In particular, I’ve always been troubled by the idea that one day I’ll die. Whenever I think about it (late at night before going to sleep, usually), I get this horrible feeling in the pit of my stomach, a deep uneasiness like nothing else. I remember feeling this back when I was a kid, and though I can sleep with the lights off now, that feeling hasn't gone away.
Is fear of death rational?
In a quest to better understand why I’m so afraid of death, I decided I’d look into what the world’s deepest thinkers—the philosophers—had to say about the topic. I came across Shelly Kagan, a professor at Yale University who has an excellent course on death available online through Open Yale Courses. I seriously recommend it, if this is your thing.
When discussing fear of death, Kagan begins by asking the general question: What is fear, and when is it an appropriate emotion? It seems appropriate to be afraid of a lion that’s right in front of you, but probably not to be afraid of your childhood teddy bear. Kagan argues that in order for fear of something to make sense, three things have to be true:
First, the thing you’re afraid of has to be bad, or have the potential to harm you in some way. This is why it doesn’t make much sense to fear your teddy bear.
Second, there’s got to be a non-negligible chance of the bad thing happening. If you live in New York and you rarely leave the house, it would be a bit odd to live in constant fear of being eaten by a lion. If you’re on safari in Africa and wandering out beyond the recommended areas wearing Lady Gaga’s meat dress, that fear is a bit more rational.
Finally, Kagan argues, there needs to be some amount of uncertainty about whether the bad thing is going to happen to you.
Given Kagan’s analysis, then, does it make sense to be afraid of death? It seems not. It might make sense to be afraid of the process of dying: to fear that it will be painful. Dying a painful death seems clearly bad, there’s some decent chance it will happen, and there’s uncertainty over how painful it will be. But to be afraid of being dead? Being dead isn’t inherently bad—it’s simply the absence of something good, which is different. Nor is death uncertain: Hard as it is to accept, we all know we are going to die one day.
How can you fear something you won't experience?
This argument reminded me of something I’ve heard a few people say about death. When I bring up the topic and ask how people feel about it (I’m a great person to have at a dinner party, honest), those who say they aren’t afraid often give the same explanation:
“What’s there to be afraid of?” they say. “You won’t be around to experience it! How can you be afraid of something you won’t experience?”
I get this, rationally, but somehow it doesn’t make me feel any better. Or maybe it does, very temporarily. I’m not going round every day worn down by an agonizing awareness of my own mortality. But when I start thinking about death again, really thinking about it in the dark of night (somehow everything is worse at nighttime, isn’t it?), I feel just as unsettled as I did before. Kagan’s argument had the same effect on me; it made sense to me rationally, yet I couldn’t quell the fear.
I'm not afraid, but...
It was at that point I realized: Kagan’s argument didn’t help me because it’s not death exactly that I’m afraid of. It’s the more the realization that one day I will die—the thought itself scares and disturbs me. It might even be that “fear” isn’t the right emotion to describe what I’m feeling.

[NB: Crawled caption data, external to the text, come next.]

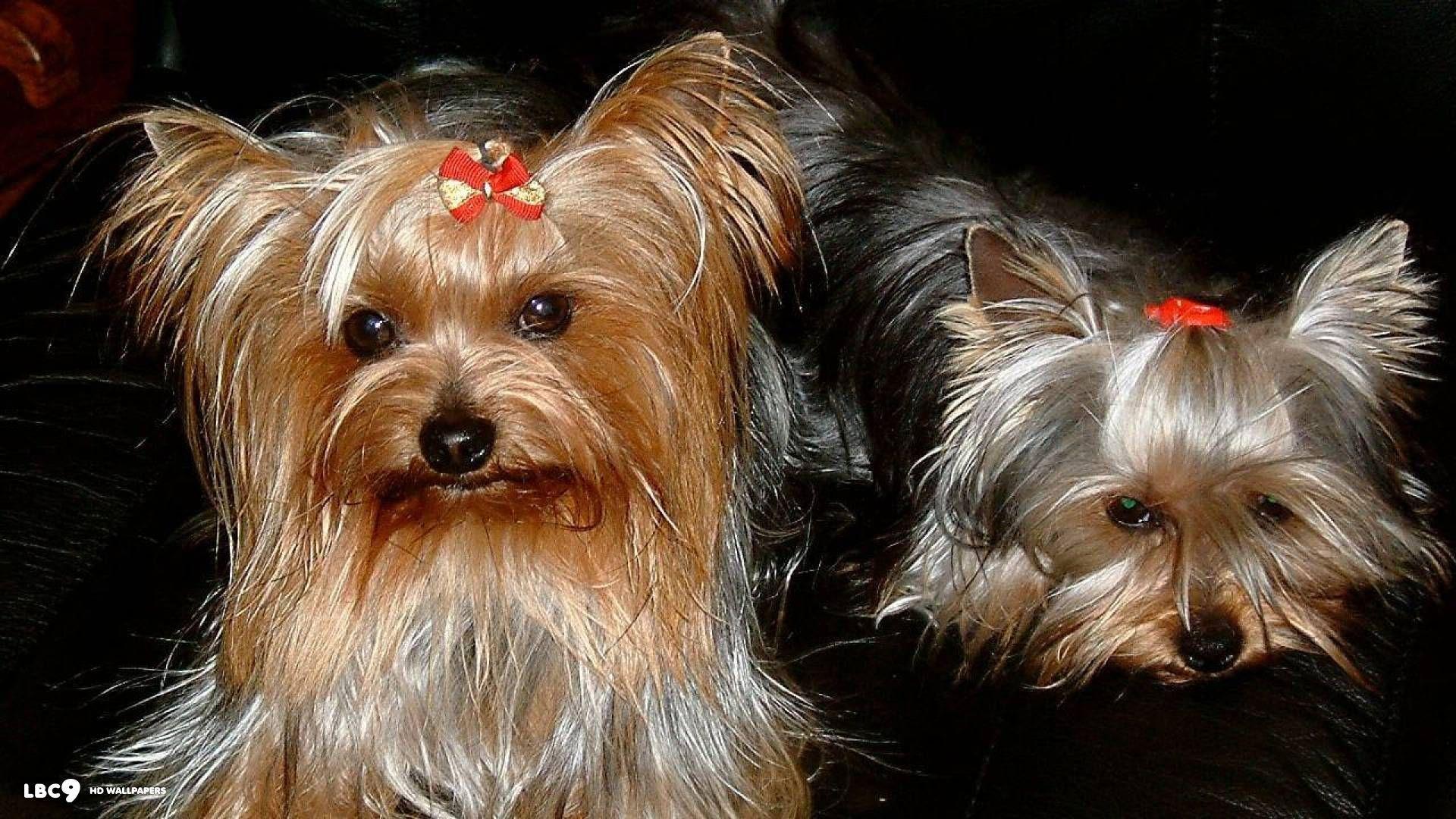 1920x1080 Yorkshire Terrier Wallpaper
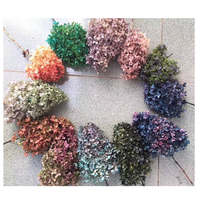 Hortensia de tour artificielle de fleur naturelle le plus populaire avec tige pour décoration de mariage Hortensias conservés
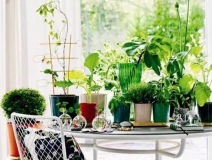 裝修6個月后的甲醛污染最嚴重，聞不到不代表沒污染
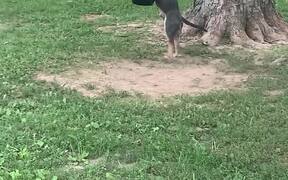 Dog Tries To Get Atop Tyre Swing - Animals - VIDEOTIME.COM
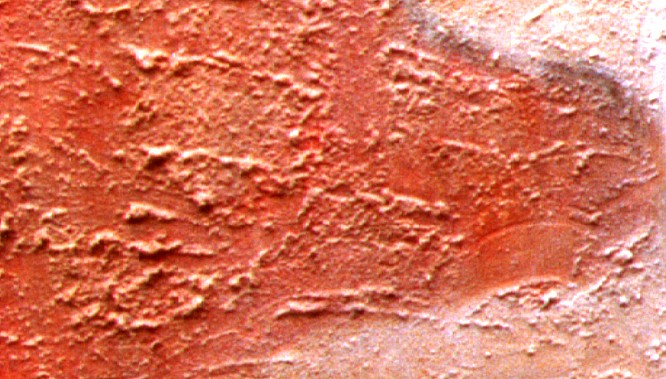 Bolestbyt-detailII1411.jpg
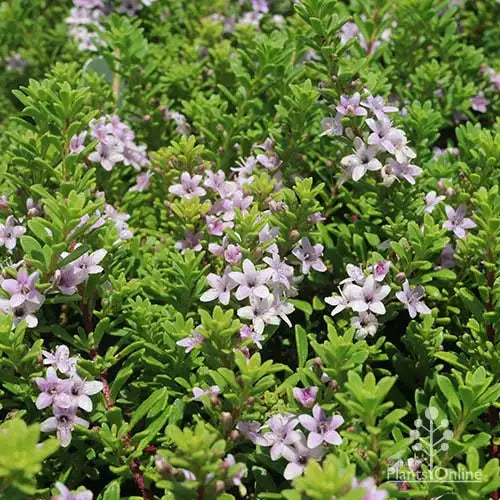 Myoporum Parvifolium 'Broad Leaf Pink' (Broad Leaf Pink Creeping Boobialla)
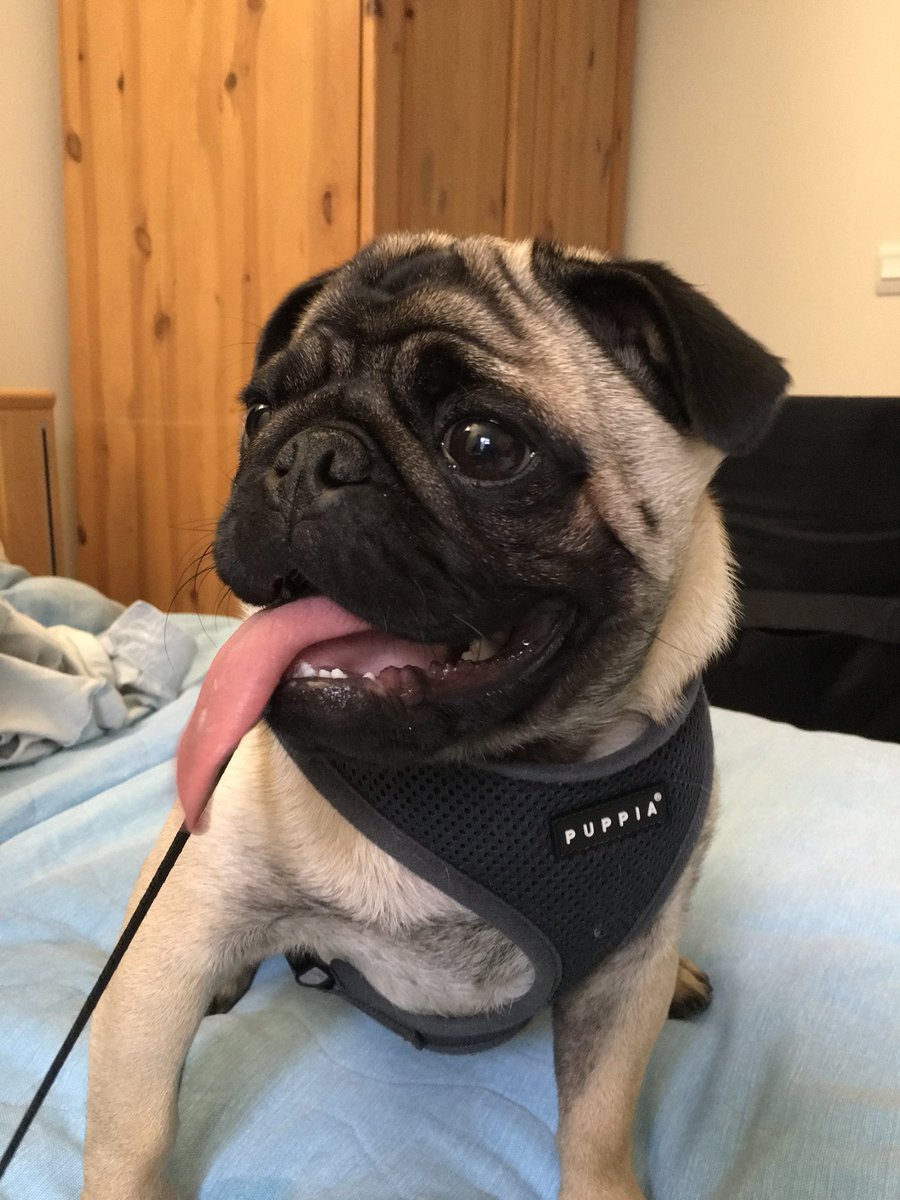 “I’m putting on my best cute face Dad”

To me, that I exist is the most fundamental thing; it is the one thing I take completely for granted on a daily basis. When I think about death, really think about death, it’s as if I undergo the biggest change in perspective possible—suddenly everything I know is wrong. The most fundamental thing I know most of the time—that I exist, that I am conscious—is suddenly fragile, contingent, something I can’t take as a given. I simply can’t wrap my head around that. It just freaks me out.

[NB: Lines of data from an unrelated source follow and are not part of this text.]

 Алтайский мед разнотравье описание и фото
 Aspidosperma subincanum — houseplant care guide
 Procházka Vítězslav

I’m not afraid of death in the same way I’m afraid of having some unpleasant experience. The feeling is completely different from the feeling I have when I think about singing in front of a crowd or being chased by a lion. Perhaps it doesn't even make sense to call this feeling “fear” at all. I don't necessarily feel fear in the way Kagan describes it, but I feel deeply disturbed and unsettled. Realizing that existence is contingent, that it could be over just like that, is deeply disturbing to me.

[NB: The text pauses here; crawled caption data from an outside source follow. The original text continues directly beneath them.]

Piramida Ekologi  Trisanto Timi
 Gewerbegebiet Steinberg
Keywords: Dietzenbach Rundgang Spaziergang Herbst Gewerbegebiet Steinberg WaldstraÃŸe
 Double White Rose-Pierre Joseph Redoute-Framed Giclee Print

Is gratitude the only comfort?
It doesn’t help me much to be told that I shouldn’t fear death since I won’t be around to experience it, but I have found something that does help my distress: gratitude. The shift in perspective that comes with realizing you could very easily not exist at all naturally prompts a feeling of appreciation: that I am alive now, that I get to experience the world, that I ever lived at all. So now if death shows up in my mind, I still feel uneasy, but I also feel grateful.
It seems like Shelly Kagan and I can agree on that, at least, as he ends his lecture on fear of death: "It seems to me that the right emotional response isn’t fear, it isn’t anger, it’s gratitude that we’re able to be alive at all."